» EXERCISE DIRECTIONS: What lines below include the word "with"? Copy each one.

» Records from a dataset:

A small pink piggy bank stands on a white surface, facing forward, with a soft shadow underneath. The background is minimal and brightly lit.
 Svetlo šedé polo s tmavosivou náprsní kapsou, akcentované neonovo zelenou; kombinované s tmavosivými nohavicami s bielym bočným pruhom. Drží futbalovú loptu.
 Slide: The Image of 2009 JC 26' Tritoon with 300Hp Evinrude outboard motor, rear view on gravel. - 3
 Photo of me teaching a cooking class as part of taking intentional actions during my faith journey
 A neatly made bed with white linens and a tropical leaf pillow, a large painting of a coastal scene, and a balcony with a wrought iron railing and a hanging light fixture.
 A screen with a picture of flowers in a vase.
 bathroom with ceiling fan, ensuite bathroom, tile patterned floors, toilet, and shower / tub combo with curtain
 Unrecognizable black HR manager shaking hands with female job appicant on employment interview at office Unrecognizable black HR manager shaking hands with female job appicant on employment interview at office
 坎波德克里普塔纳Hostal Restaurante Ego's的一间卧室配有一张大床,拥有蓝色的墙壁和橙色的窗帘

» TASK ANSWER:
A small pink piggy bank stands on a white surface, facing forward, with a soft shadow underneath. The background is minimal and brightly lit.
 Slide: The Image of 2009 JC 26' Tritoon with 300Hp Evinrude outboard motor, rear view on gravel. - 3
 A neatly made bed with white linens and a tropical leaf pillow, a large painting of a coastal scene, and a balcony with a wrought iron railing and a hanging light fixture.
 A screen with a picture of flowers in a vase.
 bathroom with ceiling fan, ensuite bathroom, tile patterned floors, toilet, and shower / tub combo with curtain
 Unrecognizable black HR manager shaking hands with female job appicant on employment interview at office Unrecognizable black HR manager shaking hands with female job appicant on employment interview at office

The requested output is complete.